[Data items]
-------

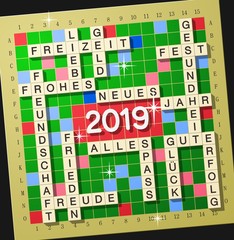 2019 greeting card using crossword puzzles (german)
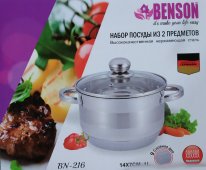 На фото Кастрюля Benson 14х7 см 1 л (BN-216)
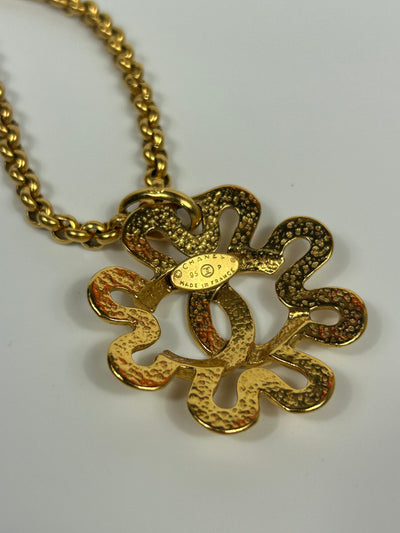 CHANEL vintage 1995 gold CC pendant necklace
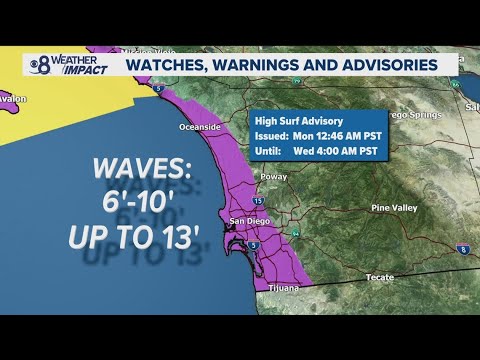 High Surf Advisory for entire San Diego coastline through Christmas Day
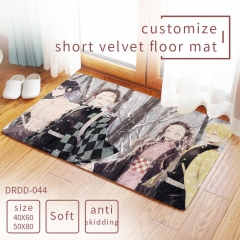 3 Styles 2 Sizes Demon Slayer: Kimetsu no Yaiba Cartoon Pattern Short Velvet Material Anime Carpet Floor Mat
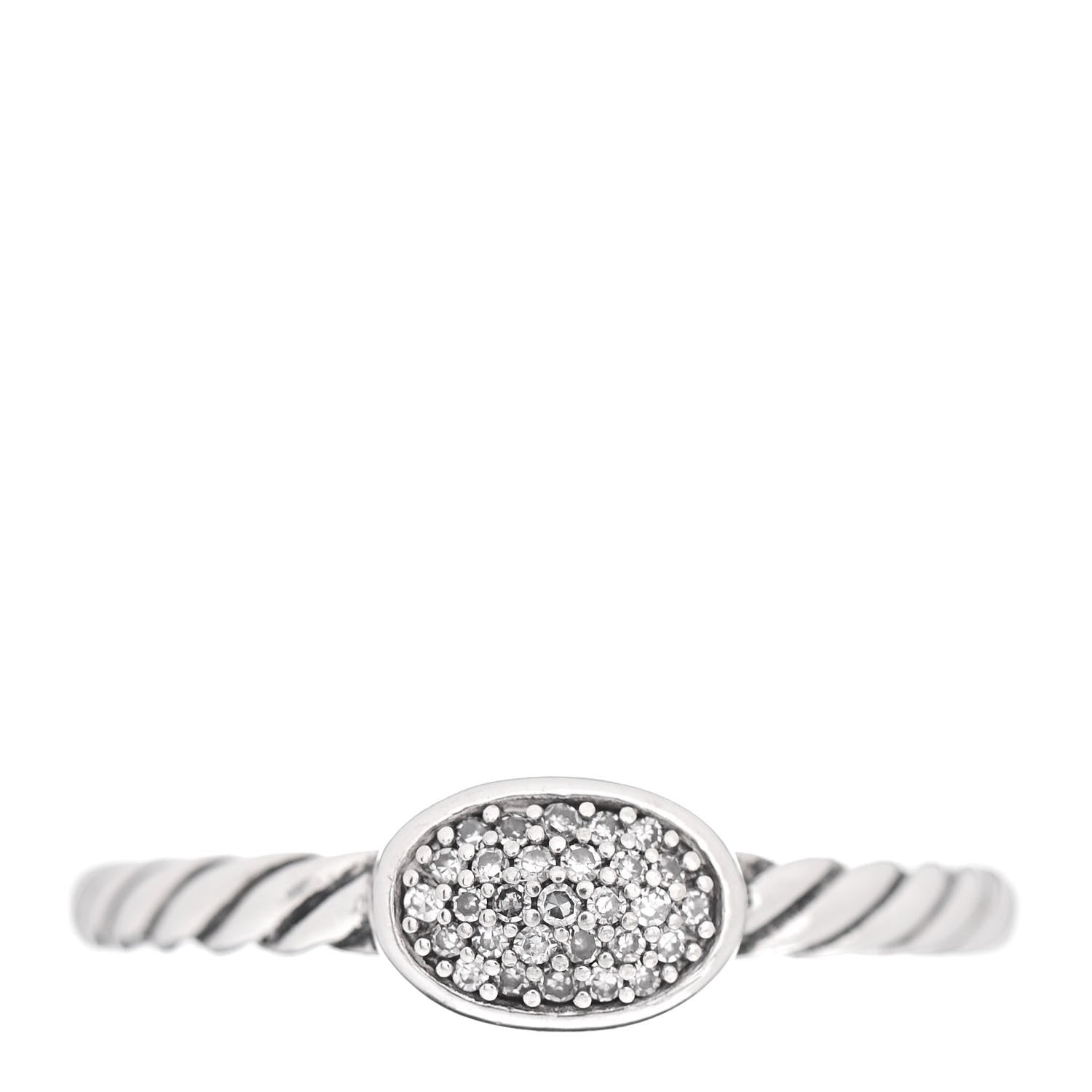 David Yurman Sterling Silver Diamond Petite Pave Oval Ring 52 6 1 of 5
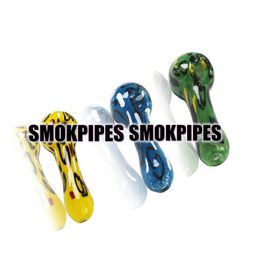 Latest Cool Colourful Hand Pyrex Thick Glass Dry Herb Tobacco Oil Rigs Smoking Handpipe High Quality Handmade Philtre Pipes DHL Free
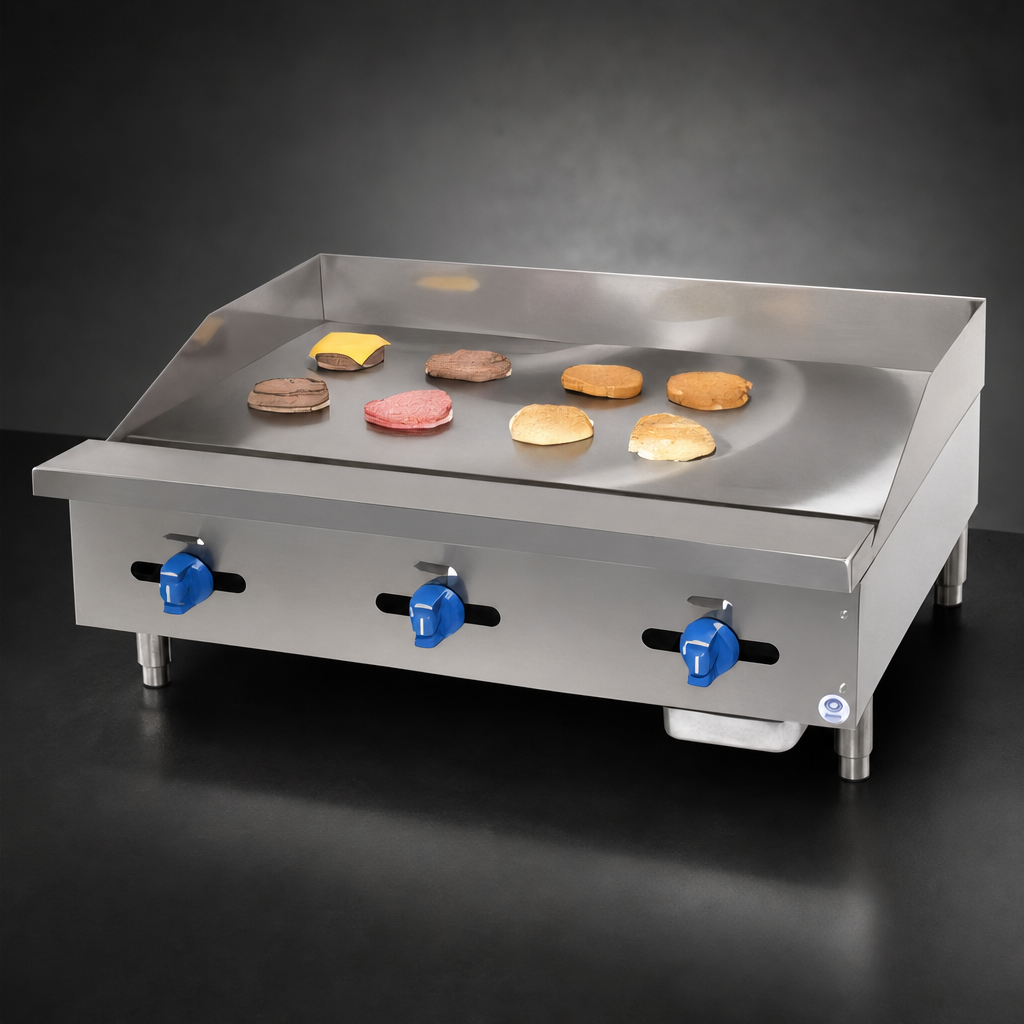 Large Polished Steel Griddle Plate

-------

Activity: Return nothing except the lines from the line with "High Surf Advisory" through the last line of the records above, copied exactly and without pictures.

Answer space:
 High Surf Advisory for entire San Diego coastline through Christmas Day
 3 Styles 2 Sizes Demon Slayer: Kimetsu no Yaiba Cartoon Pattern Short Velvet Material Anime Carpet Floor Mat
 David Yurman Sterling Silver Diamond Petite Pave Oval Ring 52 6 1 of 5
 Latest Cool Colourful Hand Pyrex Thick Glass Dry Herb Tobacco Oil Rigs Smoking Handpipe High Quality Handmade Philtre Pipes DHL Free
 Large Polished Steel Griddle Plate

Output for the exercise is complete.